- _EXTRACTED RECORDS_:
▼
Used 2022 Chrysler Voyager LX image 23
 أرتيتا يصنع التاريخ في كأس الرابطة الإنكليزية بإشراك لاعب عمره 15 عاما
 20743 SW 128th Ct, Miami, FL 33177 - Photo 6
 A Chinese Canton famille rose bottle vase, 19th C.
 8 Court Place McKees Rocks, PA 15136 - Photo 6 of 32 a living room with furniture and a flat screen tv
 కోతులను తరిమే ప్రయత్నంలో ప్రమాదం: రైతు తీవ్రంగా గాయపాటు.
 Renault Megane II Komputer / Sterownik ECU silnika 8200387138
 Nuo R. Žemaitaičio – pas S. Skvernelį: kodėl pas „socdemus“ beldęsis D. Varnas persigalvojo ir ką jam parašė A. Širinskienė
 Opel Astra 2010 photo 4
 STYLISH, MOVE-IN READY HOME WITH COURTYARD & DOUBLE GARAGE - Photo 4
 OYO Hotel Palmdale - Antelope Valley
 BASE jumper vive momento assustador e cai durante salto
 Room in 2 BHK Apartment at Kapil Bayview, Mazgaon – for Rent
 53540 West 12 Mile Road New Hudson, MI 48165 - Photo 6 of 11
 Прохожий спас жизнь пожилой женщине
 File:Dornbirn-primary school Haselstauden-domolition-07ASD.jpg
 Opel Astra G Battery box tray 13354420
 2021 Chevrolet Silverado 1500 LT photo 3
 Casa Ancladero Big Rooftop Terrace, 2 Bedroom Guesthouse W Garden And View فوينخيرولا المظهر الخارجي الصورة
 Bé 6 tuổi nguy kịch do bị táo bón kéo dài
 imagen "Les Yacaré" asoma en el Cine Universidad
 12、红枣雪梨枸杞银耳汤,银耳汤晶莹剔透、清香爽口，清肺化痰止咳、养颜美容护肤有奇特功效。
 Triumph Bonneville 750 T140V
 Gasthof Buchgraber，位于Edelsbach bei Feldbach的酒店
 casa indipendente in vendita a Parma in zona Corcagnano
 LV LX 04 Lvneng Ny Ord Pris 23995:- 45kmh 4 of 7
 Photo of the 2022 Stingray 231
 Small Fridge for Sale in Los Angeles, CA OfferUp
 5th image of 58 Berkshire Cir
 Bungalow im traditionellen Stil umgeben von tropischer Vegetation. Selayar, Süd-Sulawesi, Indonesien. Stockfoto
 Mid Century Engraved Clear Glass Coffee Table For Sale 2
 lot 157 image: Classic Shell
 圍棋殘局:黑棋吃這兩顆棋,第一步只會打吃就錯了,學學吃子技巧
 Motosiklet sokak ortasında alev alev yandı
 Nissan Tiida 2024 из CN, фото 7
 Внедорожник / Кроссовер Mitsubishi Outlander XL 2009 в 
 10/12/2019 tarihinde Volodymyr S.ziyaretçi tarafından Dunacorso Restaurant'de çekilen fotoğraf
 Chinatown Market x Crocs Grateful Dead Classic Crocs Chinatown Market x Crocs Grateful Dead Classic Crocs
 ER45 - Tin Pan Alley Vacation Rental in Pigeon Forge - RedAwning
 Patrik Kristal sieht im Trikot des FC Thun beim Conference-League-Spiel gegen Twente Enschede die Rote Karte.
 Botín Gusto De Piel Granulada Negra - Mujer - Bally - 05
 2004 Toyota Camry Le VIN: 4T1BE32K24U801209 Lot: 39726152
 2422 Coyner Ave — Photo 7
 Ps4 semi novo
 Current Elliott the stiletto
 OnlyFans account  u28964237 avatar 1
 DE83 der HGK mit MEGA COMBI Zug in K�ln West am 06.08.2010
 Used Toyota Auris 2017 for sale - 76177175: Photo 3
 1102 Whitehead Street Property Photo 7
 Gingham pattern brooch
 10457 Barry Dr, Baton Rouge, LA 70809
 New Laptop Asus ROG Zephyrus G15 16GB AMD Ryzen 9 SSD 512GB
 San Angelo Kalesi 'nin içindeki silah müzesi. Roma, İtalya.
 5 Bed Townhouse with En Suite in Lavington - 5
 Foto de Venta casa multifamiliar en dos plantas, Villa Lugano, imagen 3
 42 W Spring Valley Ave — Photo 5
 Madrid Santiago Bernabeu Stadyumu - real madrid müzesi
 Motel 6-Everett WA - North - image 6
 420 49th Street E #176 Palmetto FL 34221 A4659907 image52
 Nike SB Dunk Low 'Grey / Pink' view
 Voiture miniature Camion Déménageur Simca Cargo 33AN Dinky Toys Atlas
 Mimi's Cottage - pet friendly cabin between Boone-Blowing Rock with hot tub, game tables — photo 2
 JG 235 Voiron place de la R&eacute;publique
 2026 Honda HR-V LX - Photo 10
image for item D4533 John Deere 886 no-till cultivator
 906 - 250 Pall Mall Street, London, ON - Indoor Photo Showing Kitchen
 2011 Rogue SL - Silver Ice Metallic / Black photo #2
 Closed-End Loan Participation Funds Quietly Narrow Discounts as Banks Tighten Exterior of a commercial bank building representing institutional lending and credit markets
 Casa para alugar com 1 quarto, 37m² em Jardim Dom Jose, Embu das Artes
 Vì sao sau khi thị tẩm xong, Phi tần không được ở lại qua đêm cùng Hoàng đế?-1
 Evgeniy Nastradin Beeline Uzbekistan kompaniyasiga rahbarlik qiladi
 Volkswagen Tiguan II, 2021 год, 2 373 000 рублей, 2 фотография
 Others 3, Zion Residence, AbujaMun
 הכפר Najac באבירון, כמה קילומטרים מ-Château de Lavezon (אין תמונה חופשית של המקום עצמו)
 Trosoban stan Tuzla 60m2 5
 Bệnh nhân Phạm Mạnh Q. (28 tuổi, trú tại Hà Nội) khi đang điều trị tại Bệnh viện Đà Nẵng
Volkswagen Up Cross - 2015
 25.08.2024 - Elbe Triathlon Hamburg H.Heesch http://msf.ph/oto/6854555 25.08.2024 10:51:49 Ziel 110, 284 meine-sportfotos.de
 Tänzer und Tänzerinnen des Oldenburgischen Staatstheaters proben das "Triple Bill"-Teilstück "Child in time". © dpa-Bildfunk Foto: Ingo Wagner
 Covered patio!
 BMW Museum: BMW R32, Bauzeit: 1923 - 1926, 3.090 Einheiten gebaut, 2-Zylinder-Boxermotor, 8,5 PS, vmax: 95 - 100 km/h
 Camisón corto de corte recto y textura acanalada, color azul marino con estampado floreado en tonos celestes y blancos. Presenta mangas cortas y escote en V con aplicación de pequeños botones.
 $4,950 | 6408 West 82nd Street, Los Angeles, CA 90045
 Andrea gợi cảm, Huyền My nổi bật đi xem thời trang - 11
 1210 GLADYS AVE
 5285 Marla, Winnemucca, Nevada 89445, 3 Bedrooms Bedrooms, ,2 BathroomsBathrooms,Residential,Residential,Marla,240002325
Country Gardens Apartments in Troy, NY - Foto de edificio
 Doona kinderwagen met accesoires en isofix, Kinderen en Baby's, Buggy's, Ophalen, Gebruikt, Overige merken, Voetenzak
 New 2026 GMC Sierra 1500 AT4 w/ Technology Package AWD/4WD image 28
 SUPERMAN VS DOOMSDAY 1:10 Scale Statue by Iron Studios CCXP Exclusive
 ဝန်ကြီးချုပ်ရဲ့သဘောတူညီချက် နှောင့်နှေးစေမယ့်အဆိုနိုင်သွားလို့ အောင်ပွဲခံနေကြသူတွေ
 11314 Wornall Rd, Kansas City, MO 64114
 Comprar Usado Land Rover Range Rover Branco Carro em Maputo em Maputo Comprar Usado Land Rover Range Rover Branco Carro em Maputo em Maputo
▲
- _EXERCISE_:
Each line with "imagen" in it must be identified and copied from the material.

- _ANSWER BOX_:
 imagen "Les Yacaré" asoma en el Cine Universidad
 Foto de Venta casa multifamiliar en dos plantas, Villa Lugano, imagen 3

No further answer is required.